PROBLEM TO WORK ON:
Without changing a word, copy every line of the listing below and leave out the images.
++++ RECORD EXCERPTS
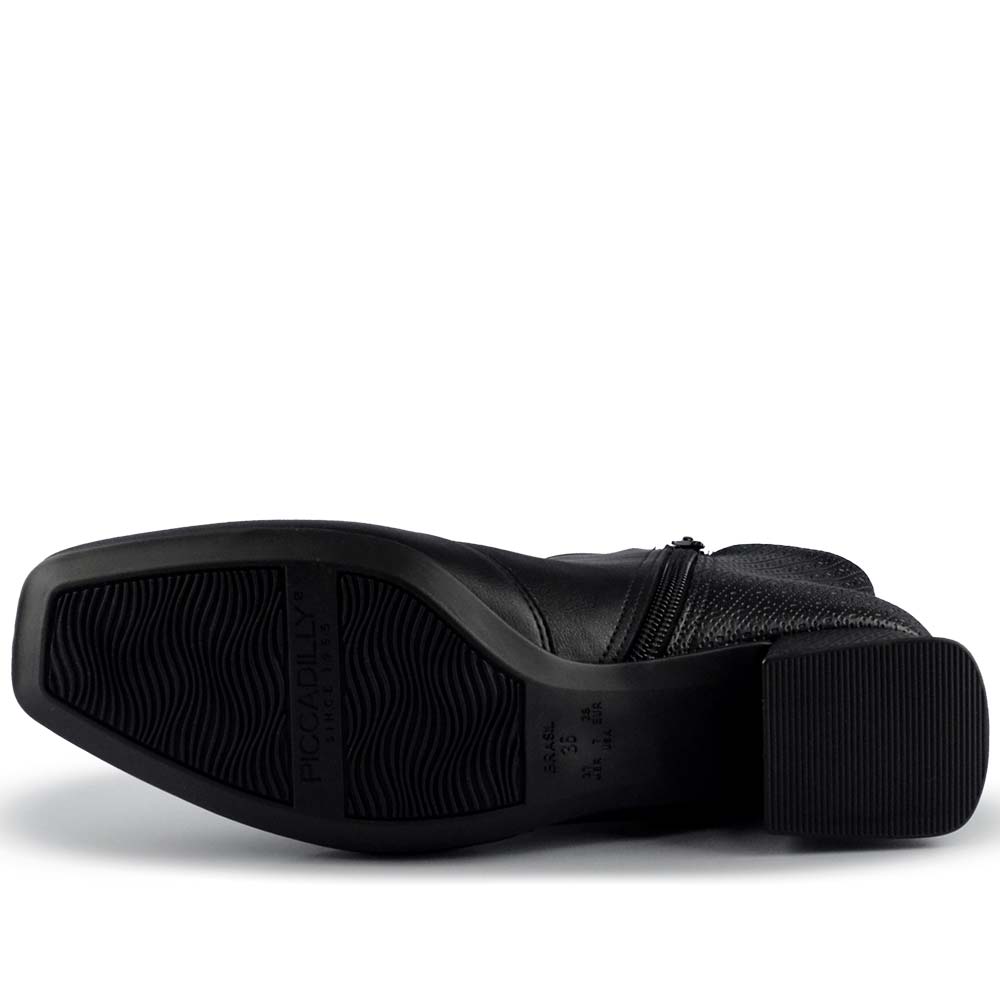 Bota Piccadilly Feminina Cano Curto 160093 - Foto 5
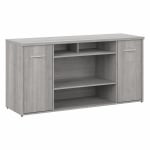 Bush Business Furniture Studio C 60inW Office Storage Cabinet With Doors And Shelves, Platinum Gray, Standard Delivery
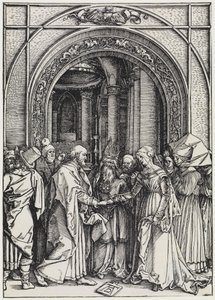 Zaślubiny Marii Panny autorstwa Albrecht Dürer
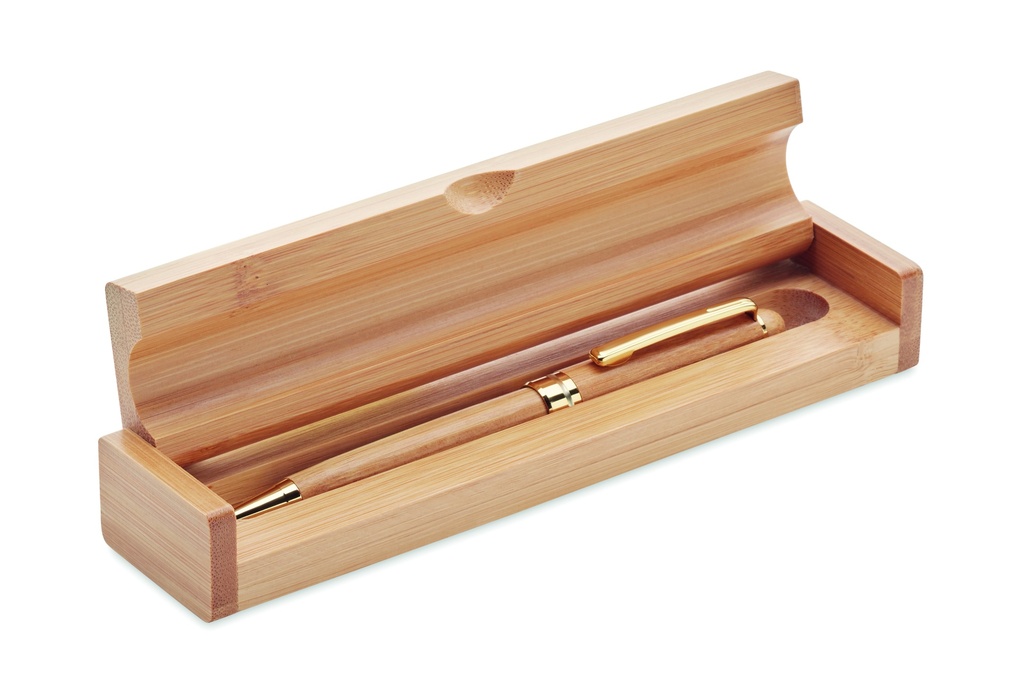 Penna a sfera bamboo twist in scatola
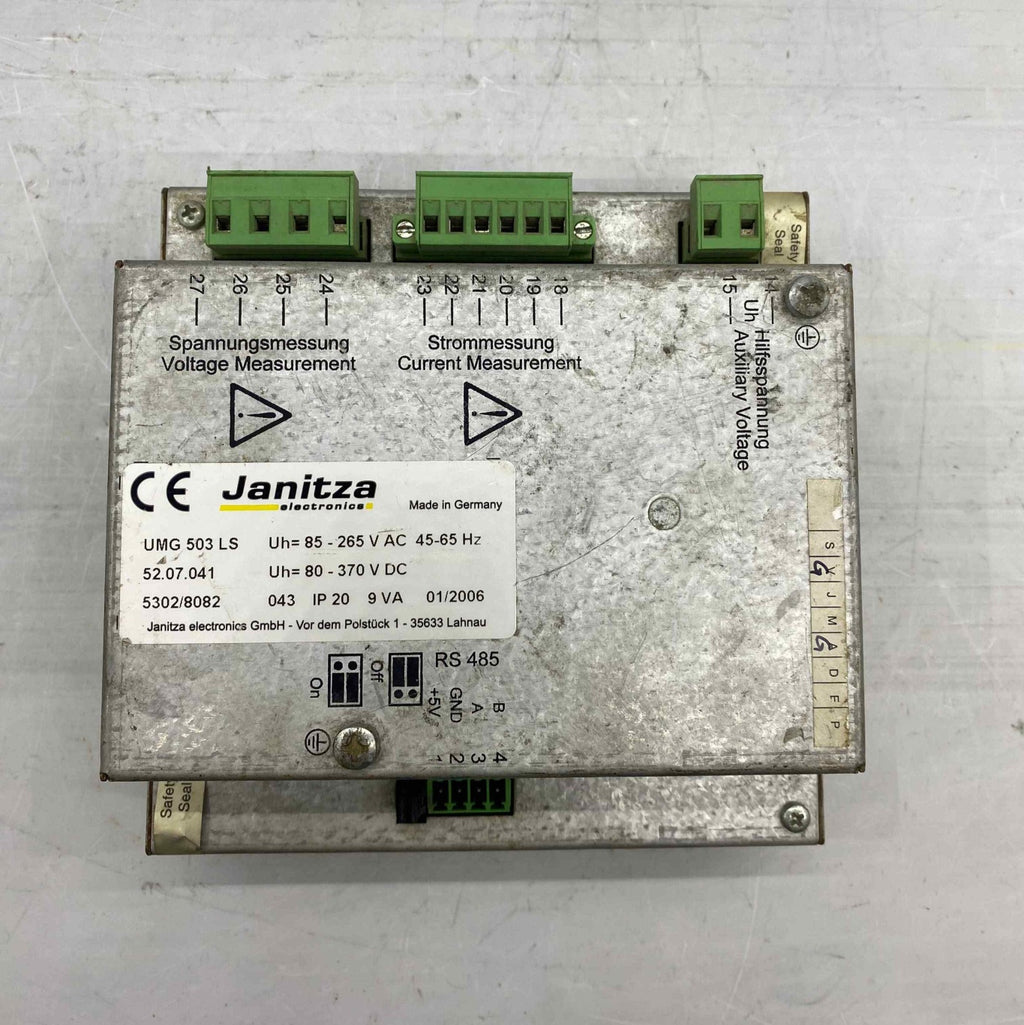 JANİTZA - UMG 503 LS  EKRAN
++++++++
SOLUTION BELOW:
 Bota Piccadilly Feminina Cano Curto 160093 - Foto 5
 Bush Business Furniture Studio C 60inW Office Storage Cabinet With Doors And Shelves, Platinum Gray, Standard Delivery
 Zaślubiny Marii Panny autorstwa Albrecht Dürer
 Penna a sfera bamboo twist in scatola
 JANİTZA - UMG 503 LS  EKRAN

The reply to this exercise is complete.